Ok I think I have a slightly better appreciation for what my mom had to endure, essentially being a single parent of three monster children while her husband was stationed in Vietnam, twice. With my daughter now moved back in and bringing with her a dog and a cat, this house is full of four-legged creatures that are chewing on my last nerve.
Cesar, don't give me that "pack leader" shit about taking charge, showing them who's boss, working with them, training them. If I can get all four dogs to use the doggie door to take care of business then my work is done. Anything else is pure gravy. Being the single pack leader here I don't have the mental of physical bandwidth to provide each and every mutt 10 hours a day of dedicated training. I do the best I can when I can, they aren't completely neglected. I think my Sophie is pretty well trained and knows to mind me. Roscoe is just a whack job and no amount of training will get him to settle down. Belle continues to refuse to acknowledge that she's a dog and pretty much keeps her distance from all the animals unless she feels compelled to join in on their bark fest when the UPS truck drives by. Benji, being the new edition, just follows the lead of the other dogs, taking on all their bad habits.
When I was a kid and my sisters and I would terrorize each other, fight over any and all things in the house, I can remember my mom bellow out, on more than a few times, "DON'T MAKE ME COME UP THERE!!!" Well, I tell ya, that was pretty much the voice of God. It was enough to create a cease fire, if only temporarily, because none of us wanted to face the wrath that would smite our backsides with great, stinging vengeance. There were no discussions, no learning lessons, no compromises based on fairness and logic. It was all about shutting the hell up and giving mom 15 minutes of silent bliss. "But she took my....", "Well he broke my...." "I DON'T CARE! JUST SHUT THE HELL UP AND GO TO YOUR ROOMS! NOT ANOTHER WORD!" Ahhh, I miss my childhood.

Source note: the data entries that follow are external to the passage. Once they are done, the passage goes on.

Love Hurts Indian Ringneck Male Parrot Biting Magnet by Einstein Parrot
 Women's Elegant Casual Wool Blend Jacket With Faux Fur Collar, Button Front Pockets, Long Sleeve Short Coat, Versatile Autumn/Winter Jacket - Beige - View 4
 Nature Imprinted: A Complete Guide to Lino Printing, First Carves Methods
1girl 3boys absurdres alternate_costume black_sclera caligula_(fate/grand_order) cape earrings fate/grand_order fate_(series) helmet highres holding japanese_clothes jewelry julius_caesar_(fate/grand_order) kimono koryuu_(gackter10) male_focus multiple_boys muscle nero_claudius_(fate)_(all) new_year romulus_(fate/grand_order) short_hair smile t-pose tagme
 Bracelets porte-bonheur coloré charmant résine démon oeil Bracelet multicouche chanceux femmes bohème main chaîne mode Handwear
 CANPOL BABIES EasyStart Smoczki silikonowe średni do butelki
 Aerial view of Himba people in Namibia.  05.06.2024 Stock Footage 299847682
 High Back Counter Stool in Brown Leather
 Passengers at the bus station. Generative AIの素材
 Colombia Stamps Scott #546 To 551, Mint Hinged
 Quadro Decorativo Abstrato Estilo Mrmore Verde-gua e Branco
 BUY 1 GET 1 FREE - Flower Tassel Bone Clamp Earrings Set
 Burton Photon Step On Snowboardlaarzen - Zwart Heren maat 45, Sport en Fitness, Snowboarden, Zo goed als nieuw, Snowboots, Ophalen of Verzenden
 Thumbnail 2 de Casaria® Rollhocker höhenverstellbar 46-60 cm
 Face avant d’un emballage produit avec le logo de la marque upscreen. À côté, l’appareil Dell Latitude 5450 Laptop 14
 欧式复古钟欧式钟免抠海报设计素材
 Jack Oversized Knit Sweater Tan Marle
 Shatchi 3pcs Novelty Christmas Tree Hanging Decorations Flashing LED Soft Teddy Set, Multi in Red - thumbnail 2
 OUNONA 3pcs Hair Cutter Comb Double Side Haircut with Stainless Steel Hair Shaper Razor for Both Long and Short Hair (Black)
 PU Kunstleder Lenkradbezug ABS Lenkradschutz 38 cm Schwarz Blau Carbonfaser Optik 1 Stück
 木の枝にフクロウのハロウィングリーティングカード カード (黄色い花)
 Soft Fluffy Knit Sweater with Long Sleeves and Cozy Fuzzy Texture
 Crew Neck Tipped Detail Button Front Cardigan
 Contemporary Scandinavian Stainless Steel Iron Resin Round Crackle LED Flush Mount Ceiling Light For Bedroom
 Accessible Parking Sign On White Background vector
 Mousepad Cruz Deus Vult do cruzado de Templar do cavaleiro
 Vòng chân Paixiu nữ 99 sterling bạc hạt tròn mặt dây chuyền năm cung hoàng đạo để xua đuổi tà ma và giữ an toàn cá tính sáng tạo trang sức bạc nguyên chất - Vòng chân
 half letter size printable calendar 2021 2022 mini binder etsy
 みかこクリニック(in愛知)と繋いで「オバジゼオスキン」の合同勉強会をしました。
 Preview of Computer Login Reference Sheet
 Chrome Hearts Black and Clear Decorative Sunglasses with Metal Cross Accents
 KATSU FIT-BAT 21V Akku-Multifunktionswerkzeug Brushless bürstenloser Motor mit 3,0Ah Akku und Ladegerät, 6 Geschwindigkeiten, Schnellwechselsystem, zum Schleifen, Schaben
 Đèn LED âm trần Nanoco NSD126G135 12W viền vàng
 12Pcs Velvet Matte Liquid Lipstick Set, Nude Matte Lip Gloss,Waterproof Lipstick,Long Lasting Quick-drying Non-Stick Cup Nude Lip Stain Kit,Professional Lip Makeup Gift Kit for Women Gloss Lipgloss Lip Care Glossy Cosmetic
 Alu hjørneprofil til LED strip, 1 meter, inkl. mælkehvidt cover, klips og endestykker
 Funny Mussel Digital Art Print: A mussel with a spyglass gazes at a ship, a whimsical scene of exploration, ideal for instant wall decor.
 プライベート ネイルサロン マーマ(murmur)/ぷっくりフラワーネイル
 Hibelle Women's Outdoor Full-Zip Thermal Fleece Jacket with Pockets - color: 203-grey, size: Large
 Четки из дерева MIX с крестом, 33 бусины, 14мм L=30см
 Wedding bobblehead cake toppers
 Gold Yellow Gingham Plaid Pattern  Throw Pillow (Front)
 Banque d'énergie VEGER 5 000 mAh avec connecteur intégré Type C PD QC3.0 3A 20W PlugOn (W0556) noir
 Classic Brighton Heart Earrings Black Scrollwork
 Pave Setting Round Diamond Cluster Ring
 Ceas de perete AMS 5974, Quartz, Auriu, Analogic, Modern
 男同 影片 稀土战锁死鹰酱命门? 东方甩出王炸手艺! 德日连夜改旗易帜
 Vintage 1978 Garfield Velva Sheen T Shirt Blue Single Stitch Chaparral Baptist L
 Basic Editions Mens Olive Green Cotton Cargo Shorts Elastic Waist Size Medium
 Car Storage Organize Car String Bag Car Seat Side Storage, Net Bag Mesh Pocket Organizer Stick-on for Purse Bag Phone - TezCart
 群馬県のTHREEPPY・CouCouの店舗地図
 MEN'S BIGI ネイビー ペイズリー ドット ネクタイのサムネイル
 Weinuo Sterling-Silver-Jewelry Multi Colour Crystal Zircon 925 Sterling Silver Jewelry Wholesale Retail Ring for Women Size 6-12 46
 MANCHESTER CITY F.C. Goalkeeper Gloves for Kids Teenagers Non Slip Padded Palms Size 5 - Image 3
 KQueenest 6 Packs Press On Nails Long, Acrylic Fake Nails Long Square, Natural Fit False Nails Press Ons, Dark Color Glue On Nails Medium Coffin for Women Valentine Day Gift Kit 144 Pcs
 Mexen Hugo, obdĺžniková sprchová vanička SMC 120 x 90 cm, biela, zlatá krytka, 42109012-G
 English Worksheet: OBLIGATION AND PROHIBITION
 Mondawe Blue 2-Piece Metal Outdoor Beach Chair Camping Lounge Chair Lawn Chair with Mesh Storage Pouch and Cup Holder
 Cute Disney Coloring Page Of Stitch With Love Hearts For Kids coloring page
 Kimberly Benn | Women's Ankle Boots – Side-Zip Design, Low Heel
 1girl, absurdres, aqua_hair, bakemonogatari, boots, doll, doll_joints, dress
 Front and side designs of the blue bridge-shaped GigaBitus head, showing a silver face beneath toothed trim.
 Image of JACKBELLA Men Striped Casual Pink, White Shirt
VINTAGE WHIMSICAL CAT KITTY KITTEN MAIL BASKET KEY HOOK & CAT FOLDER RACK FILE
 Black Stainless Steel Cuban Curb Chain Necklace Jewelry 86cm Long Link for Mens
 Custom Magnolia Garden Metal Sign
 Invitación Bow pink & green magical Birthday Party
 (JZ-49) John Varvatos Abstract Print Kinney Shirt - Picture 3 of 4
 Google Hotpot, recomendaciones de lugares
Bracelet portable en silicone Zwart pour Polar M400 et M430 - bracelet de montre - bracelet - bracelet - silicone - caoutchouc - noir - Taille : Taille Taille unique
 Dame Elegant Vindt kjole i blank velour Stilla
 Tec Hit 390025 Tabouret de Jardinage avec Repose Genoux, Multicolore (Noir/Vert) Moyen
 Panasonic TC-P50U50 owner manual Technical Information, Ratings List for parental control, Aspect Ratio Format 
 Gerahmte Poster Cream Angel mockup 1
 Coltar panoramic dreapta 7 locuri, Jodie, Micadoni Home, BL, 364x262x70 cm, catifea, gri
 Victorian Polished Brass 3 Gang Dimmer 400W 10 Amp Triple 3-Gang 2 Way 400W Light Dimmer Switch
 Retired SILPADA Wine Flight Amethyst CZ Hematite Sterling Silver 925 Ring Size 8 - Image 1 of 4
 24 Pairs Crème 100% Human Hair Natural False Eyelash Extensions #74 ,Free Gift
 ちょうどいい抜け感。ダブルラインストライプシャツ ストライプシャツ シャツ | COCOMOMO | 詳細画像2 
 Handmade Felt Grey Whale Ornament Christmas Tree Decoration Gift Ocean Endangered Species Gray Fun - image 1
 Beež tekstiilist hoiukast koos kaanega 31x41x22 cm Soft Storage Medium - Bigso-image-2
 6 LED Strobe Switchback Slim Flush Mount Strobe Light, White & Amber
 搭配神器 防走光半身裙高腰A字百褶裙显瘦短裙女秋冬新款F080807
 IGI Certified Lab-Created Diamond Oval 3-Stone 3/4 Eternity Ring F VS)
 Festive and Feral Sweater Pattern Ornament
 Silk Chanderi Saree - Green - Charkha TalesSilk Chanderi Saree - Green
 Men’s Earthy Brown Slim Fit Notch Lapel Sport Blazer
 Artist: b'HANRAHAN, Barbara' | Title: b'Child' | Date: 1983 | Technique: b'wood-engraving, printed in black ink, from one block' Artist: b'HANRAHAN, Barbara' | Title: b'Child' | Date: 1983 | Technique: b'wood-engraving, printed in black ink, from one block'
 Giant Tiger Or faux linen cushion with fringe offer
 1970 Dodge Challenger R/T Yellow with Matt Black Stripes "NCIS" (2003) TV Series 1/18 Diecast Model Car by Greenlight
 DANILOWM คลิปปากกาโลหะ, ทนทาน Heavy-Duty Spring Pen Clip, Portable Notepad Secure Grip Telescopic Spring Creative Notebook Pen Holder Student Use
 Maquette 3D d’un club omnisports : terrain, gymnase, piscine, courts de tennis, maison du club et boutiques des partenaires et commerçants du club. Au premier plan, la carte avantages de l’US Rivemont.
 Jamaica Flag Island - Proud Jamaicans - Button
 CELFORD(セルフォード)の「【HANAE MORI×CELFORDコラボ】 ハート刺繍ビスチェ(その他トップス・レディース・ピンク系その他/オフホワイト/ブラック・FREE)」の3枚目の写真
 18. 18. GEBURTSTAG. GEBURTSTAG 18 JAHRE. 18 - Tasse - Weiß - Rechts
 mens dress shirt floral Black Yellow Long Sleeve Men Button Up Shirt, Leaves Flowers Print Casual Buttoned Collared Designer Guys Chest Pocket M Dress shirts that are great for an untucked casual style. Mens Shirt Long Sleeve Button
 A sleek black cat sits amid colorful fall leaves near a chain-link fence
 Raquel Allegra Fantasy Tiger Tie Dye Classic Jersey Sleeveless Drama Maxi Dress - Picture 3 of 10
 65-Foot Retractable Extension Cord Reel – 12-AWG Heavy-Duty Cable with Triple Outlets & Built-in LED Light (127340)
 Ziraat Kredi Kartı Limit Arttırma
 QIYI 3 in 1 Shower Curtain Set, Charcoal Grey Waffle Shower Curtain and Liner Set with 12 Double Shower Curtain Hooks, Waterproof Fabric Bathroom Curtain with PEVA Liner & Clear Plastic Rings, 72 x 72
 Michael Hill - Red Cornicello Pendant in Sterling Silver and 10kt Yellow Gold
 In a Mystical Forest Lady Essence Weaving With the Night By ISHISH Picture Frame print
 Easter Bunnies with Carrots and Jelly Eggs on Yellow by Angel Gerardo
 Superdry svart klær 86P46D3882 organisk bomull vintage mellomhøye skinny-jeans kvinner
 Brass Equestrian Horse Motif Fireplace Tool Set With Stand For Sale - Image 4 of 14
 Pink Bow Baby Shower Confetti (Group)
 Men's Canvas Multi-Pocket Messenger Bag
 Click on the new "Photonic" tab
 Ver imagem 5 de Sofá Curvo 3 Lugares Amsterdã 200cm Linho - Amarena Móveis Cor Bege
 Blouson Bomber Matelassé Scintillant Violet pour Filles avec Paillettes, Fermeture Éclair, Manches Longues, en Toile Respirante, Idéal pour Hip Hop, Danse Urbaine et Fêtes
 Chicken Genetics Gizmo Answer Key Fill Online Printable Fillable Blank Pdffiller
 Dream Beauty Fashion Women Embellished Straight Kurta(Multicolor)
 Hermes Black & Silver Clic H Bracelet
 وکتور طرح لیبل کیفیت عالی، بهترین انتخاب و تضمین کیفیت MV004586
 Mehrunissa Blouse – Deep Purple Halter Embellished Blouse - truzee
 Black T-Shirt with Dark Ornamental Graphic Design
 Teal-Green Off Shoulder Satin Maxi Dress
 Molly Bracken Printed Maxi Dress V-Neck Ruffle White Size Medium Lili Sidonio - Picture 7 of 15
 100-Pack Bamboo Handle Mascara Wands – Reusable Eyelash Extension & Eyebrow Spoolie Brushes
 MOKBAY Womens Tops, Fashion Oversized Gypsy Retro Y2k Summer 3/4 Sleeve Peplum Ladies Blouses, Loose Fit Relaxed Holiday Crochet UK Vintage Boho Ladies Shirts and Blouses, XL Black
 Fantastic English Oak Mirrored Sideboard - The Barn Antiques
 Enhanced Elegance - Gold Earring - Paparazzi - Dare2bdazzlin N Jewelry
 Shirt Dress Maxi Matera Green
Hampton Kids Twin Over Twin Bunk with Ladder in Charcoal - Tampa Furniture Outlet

Much like how our moms plopped us in front of the TV, I shove a bully
stick into the mouths of my canine monsters if only to give me a few minutes
of peace and quiet. The bully stick is the TV for dogs, in case you haven't noticed. Roscoe is completely neurotic and can't sit still. Sophie paces, wanting attention every five minutes. Benji is a pup and just wants into everything, including Belle's space which pisses her off to no end. The only way I can achieve peace in our time is to give each a bully stick that should keep them busy and quiet for at least a good five minutes. It is the true olive branch of peace. But like all children, once they get their treat, they immediately try to steal from each other. I swear if they could talk I'd hear, "Why is Sophie's bigger than mine?" "He stole my bully stick!" "You love her more than me!" "I HATE YOU!!"
And my response? "That's IT! I've had it with ALL of you! Go out in the back yard, ALL OF YOU, and leave me alone! Just wait until your mother gets home!!"